Of course there was time for a little bit of second-hand book shopping, where I found these great editions of Middlemarch and Jane Eyre.
They were both printed in the 1960s by Zodiac Press – the patterns on the covers really caught my eye.
The main reason for the trip was to see an RSC production of Much Ado About Nothing. It was absolutely BRILLIANT. The play was set in contemporary Delhi and it really worked. The whole Indian spectacle and traditions surrounding marriage made a very natural mix with Shakespeare. Meera Syal played Beatrice and completely stole the show – whenever she was on stage I was mainly watching her. Being well known for comedy, she delivered all of Beatrice’s put downs and jokes like she had written them herself and the banter between her and Benedick was such a highlight.
Stratford is a couple of hours away by train, so I read Bill Bryson’s Shakespeare during the journey. I got the book as a Christmas present and I can’t recommend it highly enough! It is a great, very readable introduction to the life and times of Shakespeare. Bryson doesn’t try to hide that there are very definite limits to what we can know about Shakespeare. Instead he puts the facts forward and guides the reader through the various theories that scholars have come up with. He adds a perfect amount of background history to support his own leanings. I also really liked that he doesn’t subscribe to the conspiracy theories about Shakespeare either – this book is very much grounded in what can be proven.
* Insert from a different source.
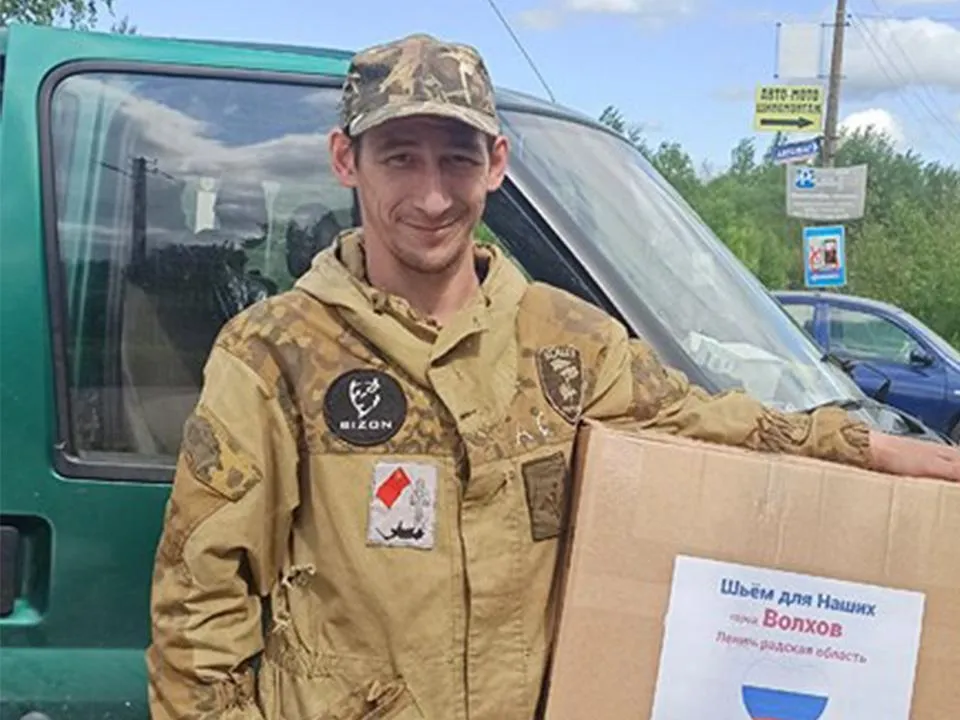 «За пару недель хлынули тысячи желающих»: волонтер рассказала, как швеи всей России объединились для СВО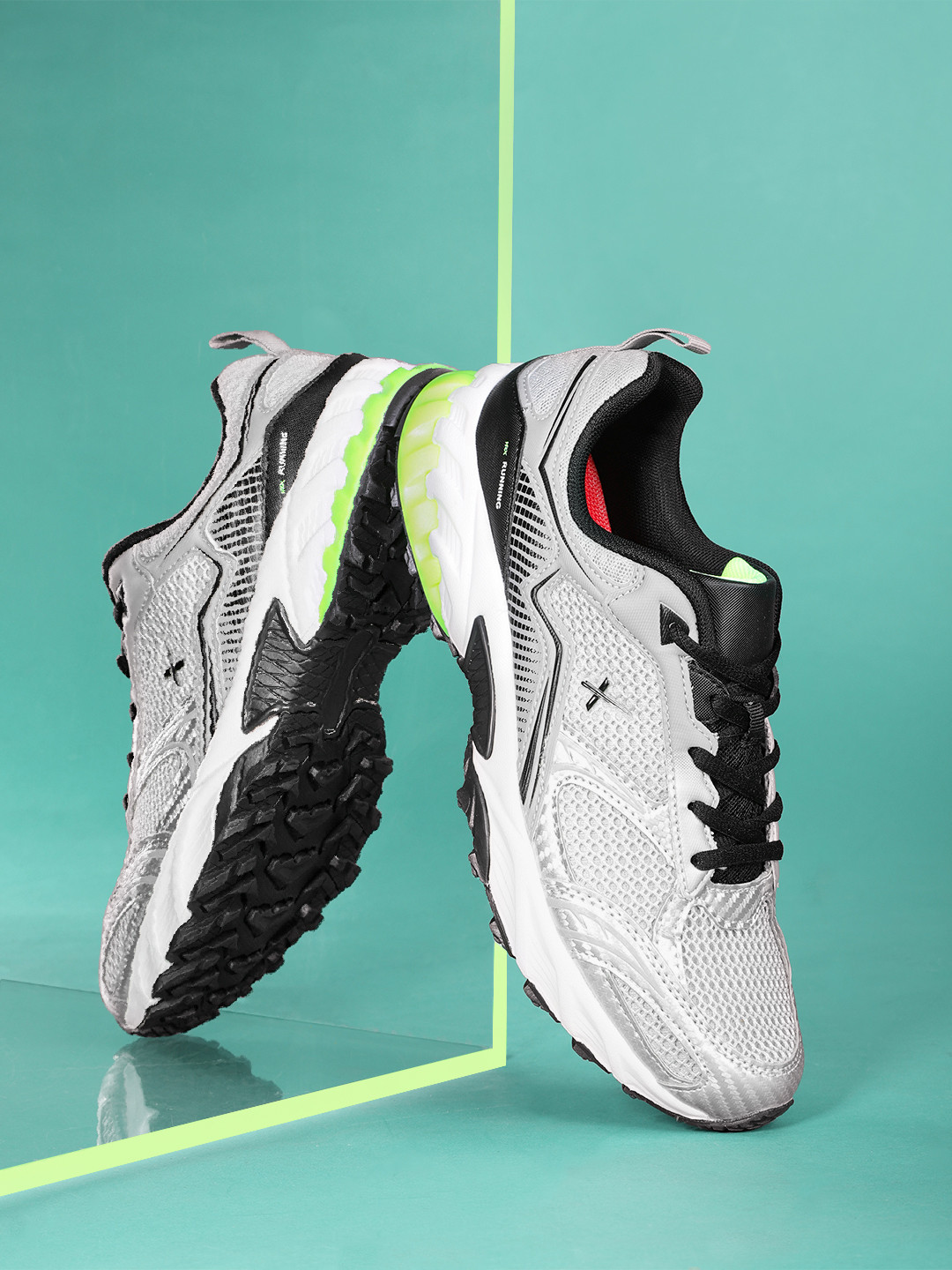 

HRX by Hrithik Roshan Men ICON Running Shoes, Grey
The trip and the production have renewed my interest in Shakespeare – I was obsessed as a teenager and loved when I got to study the plays at school. I have read The Sonnets and a handful of plays and I’m inspired to read more, so I’ve created a page to follow my progress at the top of my blog – or you can click here to see it. As usual I have no time limit on this challenge, it is just something I’d like to do. I will be using a copy of The Norton Shakespeare for most of the plays and all of the essays.
Incidentally, Shakespeare’s Restless World comes out at the end of September and I can’t wait to read it. Neil MacGregor is curator of the British Museum and the author of The History of the World in 100 Objects. This sounds like a similar premise – discovering Shakespeare’s world through twenty different objects.
At the moment, my all time favourite Shakespeare play is The Tempest, although I do have a soft spot for the ones I did at school; Othello and King Lear. The Histories are probably the plays I am looking forward to least, they seem the most intimidating although I’m not entirely sure why.
What is your favourite Shakespeare play? Have you read any great books about Shakespeare? Recommendations are very welcome!